What would be the main consequences of assessing reform proposals through the lens of democratic content in the current context? First, the now-complex setting of fiscal rules in the EU, under the amendments of 25 September 2011, is well-defined but it is no longer simple. That should not lead us to assume that these rules will not be efficient. Second, if all European authorities, including the European Parliament, approved a stricter surveillance mechanism for fiscal policies, macro imbalances, and employment guidelines, control over the misbehaving countries should be shared with all these authorities, hence also including the European Parliament. The implication of the latter, with that of the European Council, would enhance the appropriation of rules by the public, and the trust of the public in their institutions. Third, another consequence would be that automaticity in sanctions should not be an option for automaticity is contradictory with the essence of a democracy: contradictory debates.

Are the current reform proposals respecting the “democratic” criterion? The implication of the EP in these reforms already calls for a positive answer. Nevertheless, the implication of the EP in “checking the checkers” is necessary to achieve a definite positive answer. This implication might be very productive in reassessing the effectiveness of the policies which are undertaken in a country where suspicion of misbehavior is developing. The implication of the Economic Dialogue and the European Semester should also be used to improve trust in the EU institutions and the Eurozone governments, with due respect to the subsidiarity principle. Sharing information, analyses, data should be viewed by all partners as a way to achieve cooperation, keeping in mind that John Nash showed through his solutions that cooperative equilibria always lead to a win-win situation.

“Checking the checkers”, as I mentioned above, involves an informed assessment of the effectiveness of fiscal policies. Such an assessment is not dealt with in the current Stability and Growth Pact. During the procedure of fiscal surveillance, and before sanctioning a country, it is of the highest priority to gauge the effectiveness of a fiscal policy which has led to higher deficits and debts.

Discussions about fiscal policies are usually very pessimistic nowadays, as far as their effectiveness is concerned, but those endorsing these discussions take the risk that the people have finally no trust in their governments, for they are said to follow the wrong policies, and in the European institutions that are not able to stop these policies.

It may be useful to recall (once again?) that a consensus exists in the economic literature about the sign of the fiscal multiplier: it is positive.
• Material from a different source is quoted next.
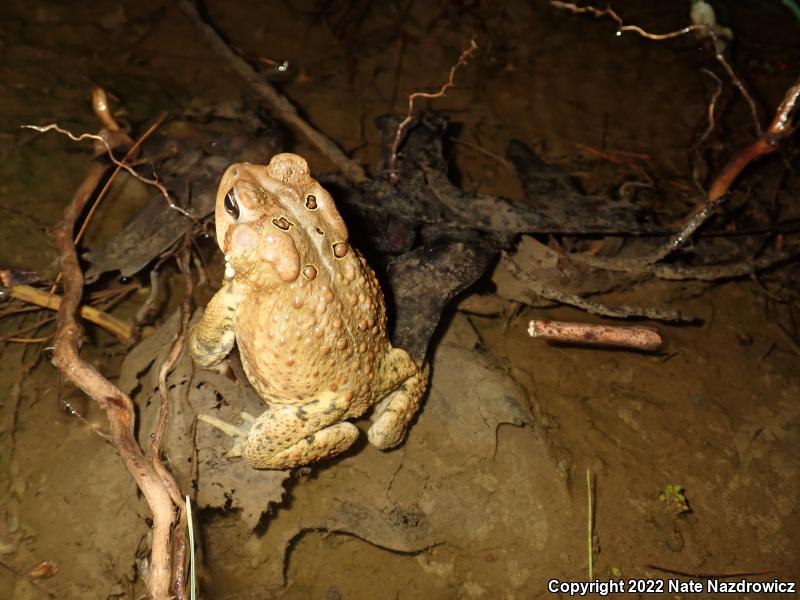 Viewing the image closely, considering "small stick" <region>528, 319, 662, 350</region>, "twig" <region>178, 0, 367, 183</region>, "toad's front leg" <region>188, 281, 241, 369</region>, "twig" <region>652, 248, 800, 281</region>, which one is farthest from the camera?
"twig" <region>178, 0, 367, 183</region>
And because of that, the Chinese, US, German, French, etc. governments decided to increase their deficits through discretionary policies during the worldwide crisis: these governments were conscious that their policies were helpful. Why shouldn’t they during other ‘bad times’? Why should we all think that a contagion of fiscal restrictions in the EU will help us thrust again? Good policymaking requires that policies are contingent to the economic situation (GDP growth, inflation rate, level of unemployment, etc.).
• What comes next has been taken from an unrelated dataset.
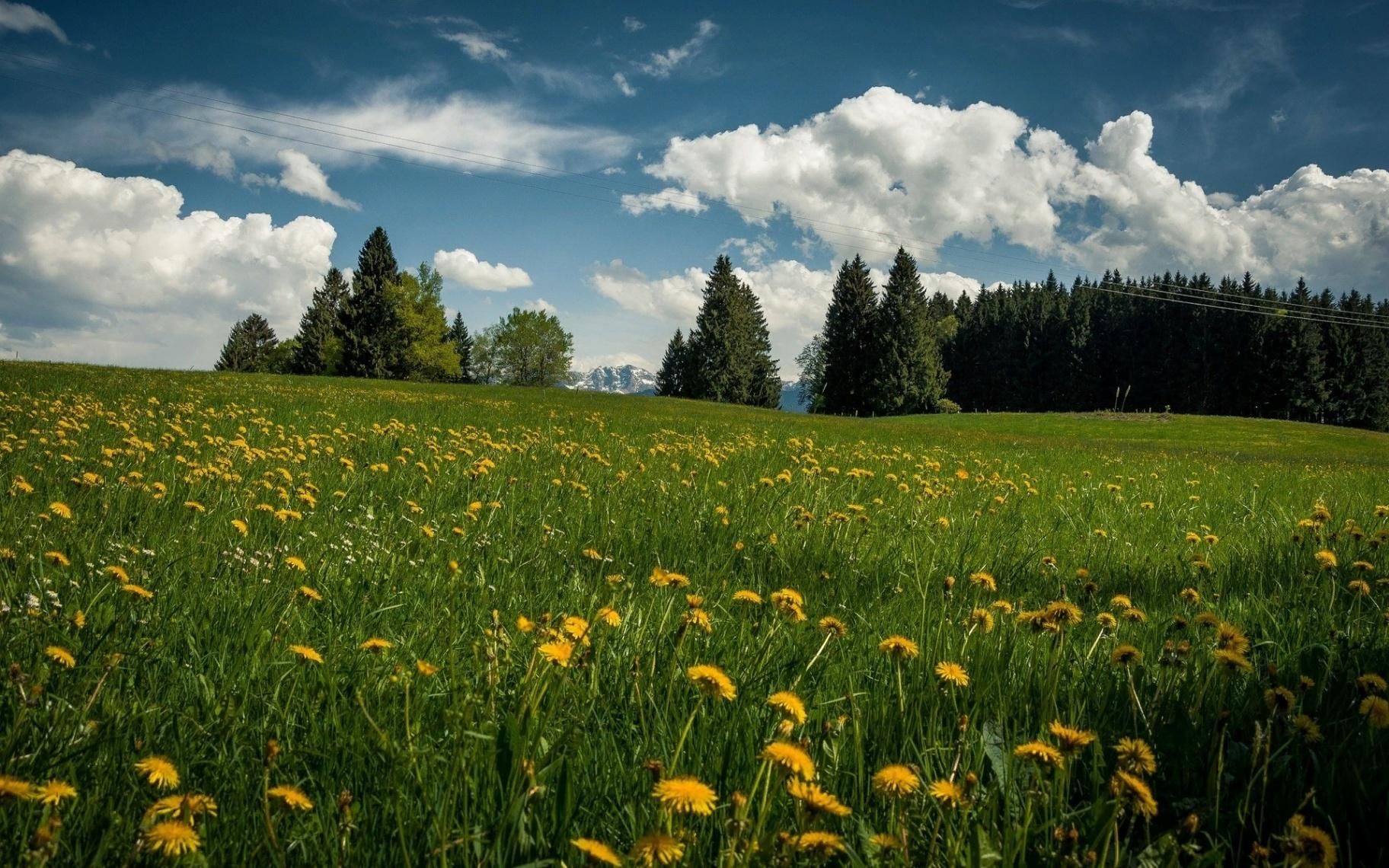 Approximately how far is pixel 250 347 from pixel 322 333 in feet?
94.7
In my view, at this stage, there are two important prerequisites to a rapid improvement in the EU governance, and I do not think they require a new Treaty. We all know that at the ECB and beyond, some argue that political pressures led this institution to buy public bonds, in contrast, they add, with the EU Treaty. Its independence would have been at stake. For this reason, the first prerequisite is in recalling the independence and mission of the ECB. The ECB is a young institution and it needs confidence in itself, as a teenager does. Once definitely adult, after full confidence is reached, the ECB will not fear coordination or cooperation with governments and the EP that fully respect its independence but may wish to improve the consistency of their policies with its.

The second prerequisite is in recalling the objectives of the EU, growth and stability, and in admitting that there is not a single way to achieve these objectives, for countries are still so different within the EU, even within the Eurozone. The ‘one size fits all’ is no longer an option, hence the necessity to complement fiscal rules with an assessment of macro imbalances and with regular, transparent, and democratically-controlled assessments of the relevance of the underlying analyses by governments on the one hand, and controllers on the other. There is a strong role for the EP in acknowledging and managing this no ‘one size fits all’ way of dealing with fiscal rules.
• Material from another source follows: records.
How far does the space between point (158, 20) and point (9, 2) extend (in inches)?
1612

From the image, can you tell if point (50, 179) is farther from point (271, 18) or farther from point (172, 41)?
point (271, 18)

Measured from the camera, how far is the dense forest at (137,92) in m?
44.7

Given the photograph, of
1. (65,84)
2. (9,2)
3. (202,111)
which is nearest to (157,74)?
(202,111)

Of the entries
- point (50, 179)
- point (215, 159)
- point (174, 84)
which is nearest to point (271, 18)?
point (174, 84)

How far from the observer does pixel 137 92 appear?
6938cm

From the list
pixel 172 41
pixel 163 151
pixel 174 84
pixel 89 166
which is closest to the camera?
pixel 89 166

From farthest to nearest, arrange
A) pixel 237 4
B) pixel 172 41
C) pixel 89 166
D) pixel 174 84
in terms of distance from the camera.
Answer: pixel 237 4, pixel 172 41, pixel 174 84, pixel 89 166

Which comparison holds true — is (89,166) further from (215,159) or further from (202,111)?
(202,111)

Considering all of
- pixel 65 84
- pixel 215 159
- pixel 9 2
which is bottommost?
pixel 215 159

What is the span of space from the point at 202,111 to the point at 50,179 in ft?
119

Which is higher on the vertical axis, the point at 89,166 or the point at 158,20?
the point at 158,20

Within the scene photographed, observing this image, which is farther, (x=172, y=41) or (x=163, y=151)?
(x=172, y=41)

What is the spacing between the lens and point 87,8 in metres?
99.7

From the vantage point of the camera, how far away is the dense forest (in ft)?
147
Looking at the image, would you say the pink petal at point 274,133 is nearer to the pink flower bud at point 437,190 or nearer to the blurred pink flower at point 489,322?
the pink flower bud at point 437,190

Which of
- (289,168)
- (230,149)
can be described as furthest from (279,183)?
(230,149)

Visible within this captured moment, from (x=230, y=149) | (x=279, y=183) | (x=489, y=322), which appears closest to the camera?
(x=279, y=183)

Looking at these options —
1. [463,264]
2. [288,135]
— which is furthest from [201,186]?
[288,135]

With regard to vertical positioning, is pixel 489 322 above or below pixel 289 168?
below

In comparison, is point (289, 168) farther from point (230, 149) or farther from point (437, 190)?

3. Longer run emergency 2: more intelligent rules?

In the longer run, if improvements by the ECB in cooperating with governments have not materialized, a binding commitment to follow a cooperative behavior could be included in the statutes of the ECB. A change in its statutes might also be considered, with a view to adopting, for instance, a dual mandate similar to that of the Fed. That way, it would be clear that “if 5% inflation would have (Central bankers’) hair on fire, so should 9% unemployment” (Ch. Evans, 2011). Another possibility would be to urge the ECB to implement full inflation targeting. That would require the ECB to make public its forecasts and minutes of decisions, thus enhancing information and potentially influencing the private sector.

Lastly, the most important debate on fiscal policymaking is in wondering what governments are doing with tax and spending, and how they finance them. The European Semester and the monitoring of indicators of macro imbalances certainly go in the good direction, but rather than a global view on the evolution of deficits and debts, Eurozone countries should think about circumscribing the good and bad parts of taxes and spending and make sure they all target the good policy, at their benefit and at the benefit of others. Of course, this is not an easy task, but it is a task that would make the EU fiscal rules ever more “intelligent”.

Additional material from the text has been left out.